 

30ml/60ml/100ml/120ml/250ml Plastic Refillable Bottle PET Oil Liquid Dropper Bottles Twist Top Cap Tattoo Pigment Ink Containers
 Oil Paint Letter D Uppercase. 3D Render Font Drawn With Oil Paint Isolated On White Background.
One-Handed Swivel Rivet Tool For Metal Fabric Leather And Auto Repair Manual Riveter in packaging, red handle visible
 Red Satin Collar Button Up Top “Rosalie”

━━━━━━━━━━━━━━━━

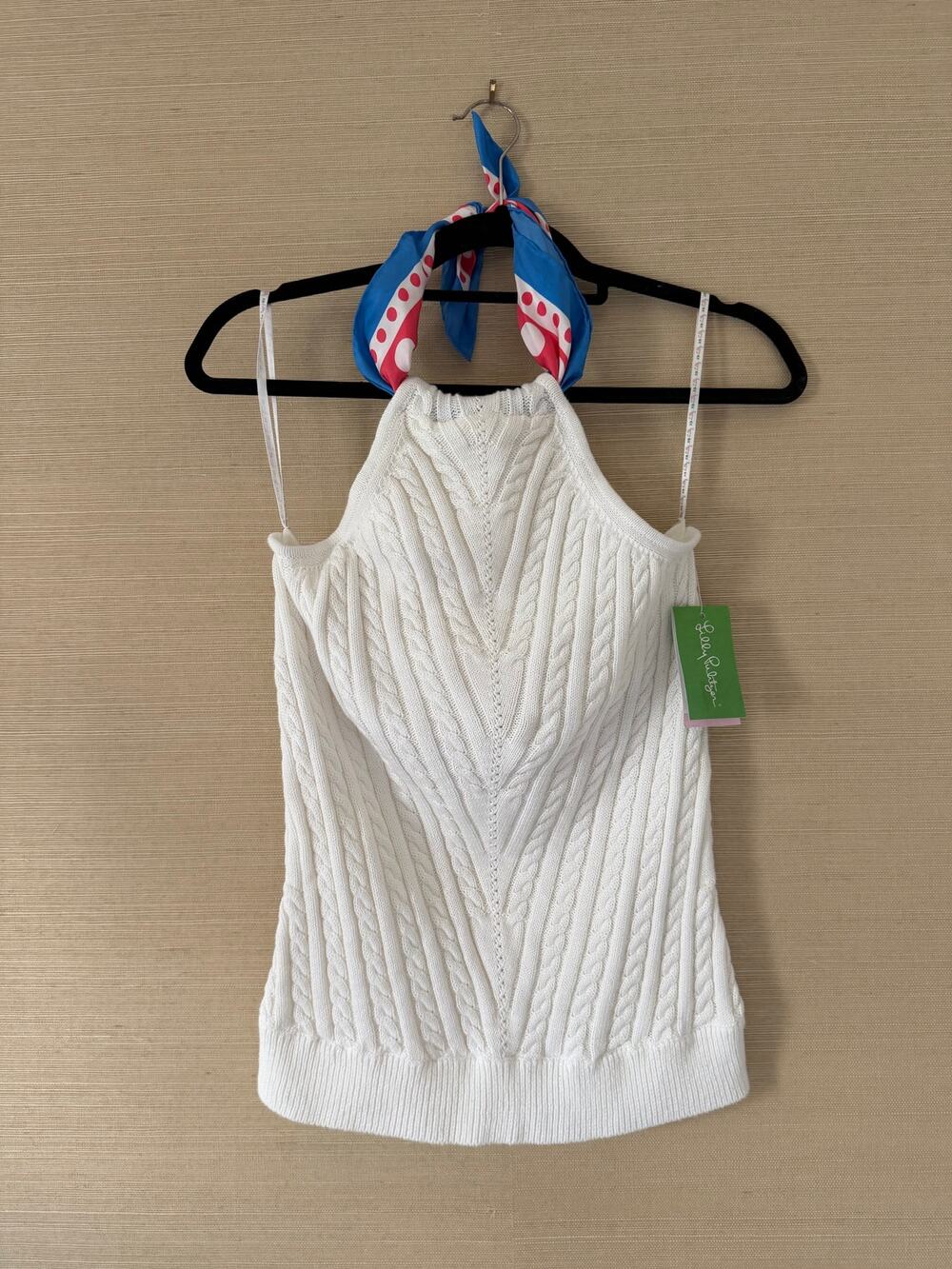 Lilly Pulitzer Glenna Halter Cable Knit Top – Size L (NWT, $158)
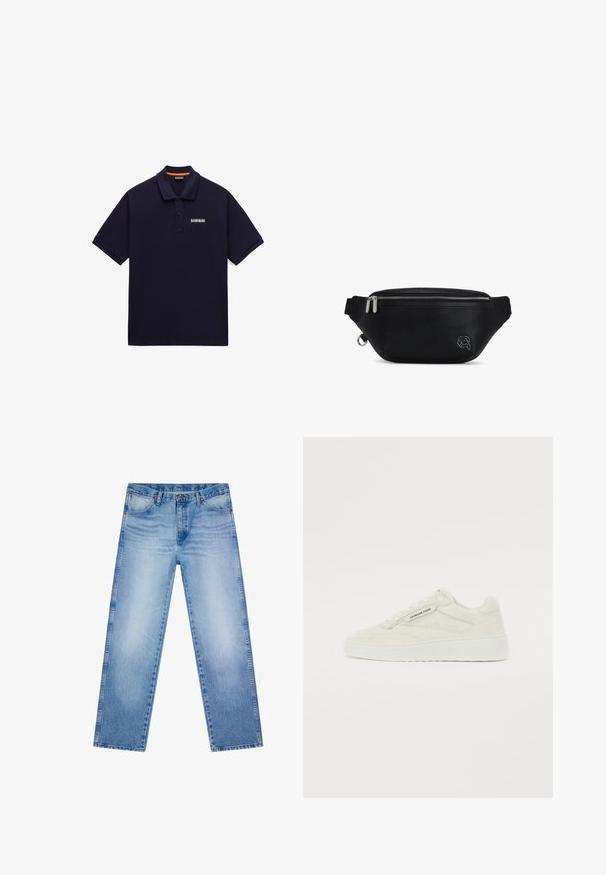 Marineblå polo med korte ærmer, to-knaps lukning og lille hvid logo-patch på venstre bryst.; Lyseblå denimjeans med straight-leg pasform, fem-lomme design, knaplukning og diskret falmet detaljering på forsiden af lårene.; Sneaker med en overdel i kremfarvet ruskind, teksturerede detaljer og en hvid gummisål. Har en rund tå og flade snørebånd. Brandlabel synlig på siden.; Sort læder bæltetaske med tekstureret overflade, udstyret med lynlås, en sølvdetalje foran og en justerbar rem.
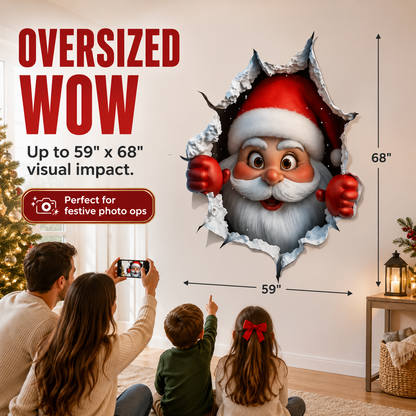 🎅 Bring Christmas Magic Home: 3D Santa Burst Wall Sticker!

━━━━━━━━━━━━━━━━

DIRECTIONS FOR THIS TASK:
Copy word for word the span of the records above that begins at the line with "Marineblå polo med" and ends at the line with "Burst Wall Sticker!", including those two lines but not the pictures.

SOLUTION TO THIS EXERCISE:
 Marineblå polo med korte ærmer, to-knaps lukning og lille hvid logo-patch på venstre bryst.; Lyseblå denimjeans med straight-leg pasform, fem-lomme design, knaplukning og diskret falmet detaljering på forsiden af lårene.; Sneaker med en overdel i kremfarvet ruskind, teksturerede detaljer og en hvid gummisål. Har en rund tå og flade snørebånd. Brandlabel synlig på siden.; Sort læder bæltetaske med tekstureret overflade, udstyret med lynlås, en sølvdetalje foran og en justerbar rem.
 🎅 Bring Christmas Magic Home: 3D Santa Burst Wall Sticker!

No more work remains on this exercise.